The U.S. gun death rate last year hit its highest mark in nearly three decades, and the rate among women has been growing faster than that

of men, a new study found. The increase among women — most dramatically, in Black women — is playing a tragic and under-recognized role in a tally that skews overwhelmingly male, researchers said. “Women can get lost in the discussion because so many of the fatalities are men,” said one author, Dr. Eric Fleegler of Harvard Medical School, the Associated Press reports.

Among Black women, the rate of firearm-related homicides more than tripled since 2010, and the rate of gun-related suicides more than doubled since 2015, researchers wrote in the paper published by JAMA Network Open.

The research is one of the most comprehensive analyses of U.S. gun deaths in years, said David Hemenway, director of the Harvard University’s Injury Control Research Center. In October, the Centers for Disease Control and Prevention released data on U.S. firearm deaths last year, counting more than 47,000, the most in at least 40 years.

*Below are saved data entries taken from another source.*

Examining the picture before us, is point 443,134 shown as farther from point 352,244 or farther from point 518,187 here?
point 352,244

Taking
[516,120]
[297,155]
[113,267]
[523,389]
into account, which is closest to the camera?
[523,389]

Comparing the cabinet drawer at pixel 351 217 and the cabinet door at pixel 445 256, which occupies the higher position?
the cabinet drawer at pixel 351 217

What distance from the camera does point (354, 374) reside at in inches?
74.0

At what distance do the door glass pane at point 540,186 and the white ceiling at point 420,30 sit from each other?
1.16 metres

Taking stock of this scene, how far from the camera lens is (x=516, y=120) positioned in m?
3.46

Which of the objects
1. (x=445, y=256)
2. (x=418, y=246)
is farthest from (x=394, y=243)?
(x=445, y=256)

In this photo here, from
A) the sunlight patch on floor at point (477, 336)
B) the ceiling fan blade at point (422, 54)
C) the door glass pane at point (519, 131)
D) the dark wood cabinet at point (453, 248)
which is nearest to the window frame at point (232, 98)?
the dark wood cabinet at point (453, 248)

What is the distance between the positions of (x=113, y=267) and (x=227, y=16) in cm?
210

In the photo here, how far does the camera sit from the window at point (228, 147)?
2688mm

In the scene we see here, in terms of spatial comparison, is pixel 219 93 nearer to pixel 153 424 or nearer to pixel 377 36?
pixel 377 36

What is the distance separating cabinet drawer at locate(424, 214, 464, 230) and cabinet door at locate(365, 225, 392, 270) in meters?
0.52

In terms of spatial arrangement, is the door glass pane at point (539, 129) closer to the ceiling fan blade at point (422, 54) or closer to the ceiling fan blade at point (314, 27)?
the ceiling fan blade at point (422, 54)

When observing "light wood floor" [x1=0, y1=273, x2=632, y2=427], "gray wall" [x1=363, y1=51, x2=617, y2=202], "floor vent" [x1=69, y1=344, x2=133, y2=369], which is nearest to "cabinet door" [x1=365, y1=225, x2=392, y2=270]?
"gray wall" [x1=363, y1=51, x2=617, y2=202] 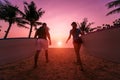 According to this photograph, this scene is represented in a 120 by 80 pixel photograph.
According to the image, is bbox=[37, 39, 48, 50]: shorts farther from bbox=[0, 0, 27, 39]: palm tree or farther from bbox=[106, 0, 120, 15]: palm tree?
bbox=[0, 0, 27, 39]: palm tree

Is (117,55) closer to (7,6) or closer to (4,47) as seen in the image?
(4,47)

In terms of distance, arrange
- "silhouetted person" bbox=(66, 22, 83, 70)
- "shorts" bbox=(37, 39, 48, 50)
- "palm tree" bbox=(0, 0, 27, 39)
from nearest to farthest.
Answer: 1. "silhouetted person" bbox=(66, 22, 83, 70)
2. "shorts" bbox=(37, 39, 48, 50)
3. "palm tree" bbox=(0, 0, 27, 39)

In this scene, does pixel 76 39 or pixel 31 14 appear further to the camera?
pixel 31 14

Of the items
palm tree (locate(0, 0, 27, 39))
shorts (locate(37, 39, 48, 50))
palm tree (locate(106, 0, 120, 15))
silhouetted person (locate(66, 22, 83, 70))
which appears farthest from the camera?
palm tree (locate(0, 0, 27, 39))

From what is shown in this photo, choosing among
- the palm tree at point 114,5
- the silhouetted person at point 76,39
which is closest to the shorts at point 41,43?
the silhouetted person at point 76,39

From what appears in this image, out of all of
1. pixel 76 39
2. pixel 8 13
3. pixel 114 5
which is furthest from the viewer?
pixel 8 13

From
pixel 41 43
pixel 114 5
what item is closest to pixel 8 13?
pixel 114 5

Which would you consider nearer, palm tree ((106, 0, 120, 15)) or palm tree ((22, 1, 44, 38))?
palm tree ((106, 0, 120, 15))

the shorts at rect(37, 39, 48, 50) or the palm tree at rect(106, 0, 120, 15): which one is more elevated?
the palm tree at rect(106, 0, 120, 15)

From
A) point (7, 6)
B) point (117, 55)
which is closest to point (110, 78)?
point (117, 55)

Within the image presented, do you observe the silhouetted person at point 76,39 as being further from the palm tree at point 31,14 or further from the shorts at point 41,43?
the palm tree at point 31,14

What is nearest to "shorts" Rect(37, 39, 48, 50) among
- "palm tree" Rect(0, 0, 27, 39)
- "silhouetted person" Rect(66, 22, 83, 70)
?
"silhouetted person" Rect(66, 22, 83, 70)

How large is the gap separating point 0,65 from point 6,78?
8.37 ft

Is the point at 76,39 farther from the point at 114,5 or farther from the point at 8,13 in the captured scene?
the point at 8,13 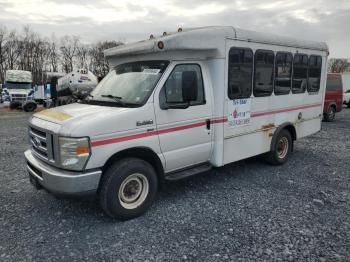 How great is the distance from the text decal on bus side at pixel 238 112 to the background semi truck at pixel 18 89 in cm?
1979

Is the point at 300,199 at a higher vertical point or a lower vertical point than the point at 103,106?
lower

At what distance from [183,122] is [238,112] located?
132 centimetres

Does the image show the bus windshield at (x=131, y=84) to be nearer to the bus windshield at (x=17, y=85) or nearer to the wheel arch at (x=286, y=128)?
the wheel arch at (x=286, y=128)

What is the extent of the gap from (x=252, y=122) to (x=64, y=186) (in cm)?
371

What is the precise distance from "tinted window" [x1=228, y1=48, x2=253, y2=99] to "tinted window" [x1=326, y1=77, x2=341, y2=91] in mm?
10778

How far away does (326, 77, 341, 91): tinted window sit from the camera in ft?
48.2

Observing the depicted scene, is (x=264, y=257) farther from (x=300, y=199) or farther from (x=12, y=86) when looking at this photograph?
(x=12, y=86)

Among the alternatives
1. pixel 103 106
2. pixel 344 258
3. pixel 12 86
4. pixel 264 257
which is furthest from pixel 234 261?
pixel 12 86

The U.S. population is growing, but the rate of gun deaths has been getting worse, too. Gun-related homicide and suicide rates both rose eight percent last year, each hitting levels not seen since the early 1990s.

In the new study, the researchers examined trends in firearm deaths since 1990. They found gun deaths began to increase in

2005, but the rise accelerated recently, with a 20 percent jump from 2019 to 2021.

Why did gun deaths rise so dramatically during the pandemic? That’s “a straightforward question with probably a complicated answer that no one really knows the answer to,” said Fleegler, an emergency medicine physician at Boston Children’s Hospital.

Factors could include disruption of people’s work and personal lives, higher gun sales, stress, and mental health issues.

The researchers counted more

than 1.1 million gun deaths over 32 years, about the same as the number of U.S. deaths attributed to COVID-19 in the last three years.

About 14 percent of those killed by guns were women, but the rate increase among them is more pronounced.